Lambos & Giardino, New York City by William Spelman, for moving defendants.



ROBERT P. PATTERSON, JR., District Judge.

On March 6, 1992, Virginia Brower-Coad filed a complaint against Fundamental Brokers, Inc. ("FBI") and Gnubrokers Management Corp. ("GMC") seeking, inter alia, back pay and monetary damages arising out of alleged discrimination on account of sex in violation of Title VII of the Civil Rights Act of 1964, as amended, § 703, 42 U.S.C. § 2000e-2 ("Title VII"), and the Equal Pay Act of 1963, 29 U.S.C. § 206(d) ("Equal Pay Act"), and alleging discrimination on account of sex and pregnancy-related disability in violation of § 296 of the Executive Law of the State of New York (the "Executive Law").[1] On September 30, 1992, Plaintiff amended her complaint by naming the additional defendants Cory J. Miner, Paul I. Brown, and MMAR Group, Inc. ("MMAR Defendants"). The MMAR Defendants now move to dismiss Brower-Coad's amended complaint against them for failure to state a claim upon which relief may be granted. For the reasons set forth below, defendants' motion to dismiss is denied.



The amended complaint alleges the following as facts. Plaintiff first came to FBI in November 1986 as an office supervisor.
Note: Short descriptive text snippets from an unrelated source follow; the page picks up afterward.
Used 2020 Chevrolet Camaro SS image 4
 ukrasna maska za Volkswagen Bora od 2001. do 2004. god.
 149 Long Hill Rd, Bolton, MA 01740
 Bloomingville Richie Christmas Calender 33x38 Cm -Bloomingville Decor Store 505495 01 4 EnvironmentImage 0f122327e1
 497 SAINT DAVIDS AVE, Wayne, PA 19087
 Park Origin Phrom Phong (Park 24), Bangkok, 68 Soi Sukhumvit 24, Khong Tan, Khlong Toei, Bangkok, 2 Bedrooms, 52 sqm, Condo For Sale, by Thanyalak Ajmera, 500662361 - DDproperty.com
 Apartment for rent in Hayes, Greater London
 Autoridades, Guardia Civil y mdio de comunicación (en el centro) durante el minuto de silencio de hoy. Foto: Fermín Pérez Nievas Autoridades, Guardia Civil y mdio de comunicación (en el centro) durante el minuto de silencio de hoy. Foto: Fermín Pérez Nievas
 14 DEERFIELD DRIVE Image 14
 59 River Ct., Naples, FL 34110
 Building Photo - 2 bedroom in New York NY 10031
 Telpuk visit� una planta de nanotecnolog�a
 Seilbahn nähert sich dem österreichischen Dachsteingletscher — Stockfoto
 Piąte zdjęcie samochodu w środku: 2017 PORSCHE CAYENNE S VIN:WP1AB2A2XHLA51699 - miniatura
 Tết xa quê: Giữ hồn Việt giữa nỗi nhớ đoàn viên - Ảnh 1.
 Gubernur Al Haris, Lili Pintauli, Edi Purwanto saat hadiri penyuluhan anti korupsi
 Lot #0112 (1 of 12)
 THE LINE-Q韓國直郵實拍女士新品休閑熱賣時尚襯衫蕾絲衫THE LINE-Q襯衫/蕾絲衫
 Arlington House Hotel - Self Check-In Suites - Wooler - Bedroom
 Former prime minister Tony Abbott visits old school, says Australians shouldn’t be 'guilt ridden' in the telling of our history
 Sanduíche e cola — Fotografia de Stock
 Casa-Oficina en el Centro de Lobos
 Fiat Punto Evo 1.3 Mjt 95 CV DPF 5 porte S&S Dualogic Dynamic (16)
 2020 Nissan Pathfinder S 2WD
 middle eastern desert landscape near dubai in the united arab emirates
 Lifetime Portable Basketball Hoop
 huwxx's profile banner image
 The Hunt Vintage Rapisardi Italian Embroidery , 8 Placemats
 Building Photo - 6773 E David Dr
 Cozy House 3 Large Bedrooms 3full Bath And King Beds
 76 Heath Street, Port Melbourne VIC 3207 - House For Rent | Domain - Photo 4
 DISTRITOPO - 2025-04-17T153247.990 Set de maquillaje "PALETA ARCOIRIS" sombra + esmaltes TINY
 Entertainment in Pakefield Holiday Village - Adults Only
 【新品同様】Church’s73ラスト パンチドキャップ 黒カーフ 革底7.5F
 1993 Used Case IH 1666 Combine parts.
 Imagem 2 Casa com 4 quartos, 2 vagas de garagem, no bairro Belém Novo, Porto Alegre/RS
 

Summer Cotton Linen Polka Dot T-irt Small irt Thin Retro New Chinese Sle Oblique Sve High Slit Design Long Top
In 1987, she was promoted to office manager and several months later became an assistant product manager. In 1988, plaintiff married another FBI employee, Andrew Coad. In June 1989, plaintiff was promoted to product manager, and in August, she began reporting directly to FBI President David Quigley ("Quigley") who told plaintiff that he was upset when he learned she had married a fellow employee.[2]

In November 1989, plaintiff Brower-Coad was offered the job of Director of Human Resources replacing a woman who was terminated by FBI due to her pregnancy. After accepting the new position, plaintiff stopped reporting to Quigley. Plaintiff's promotion came without a raise, and, according to the amended complaint, made her the only female non-broker manager at FBI. She alleges that she was paid substantially less than FBI's male managers for equal work on jobs performed under similar working conditions, requiring equal skill, efforts, and responsibility.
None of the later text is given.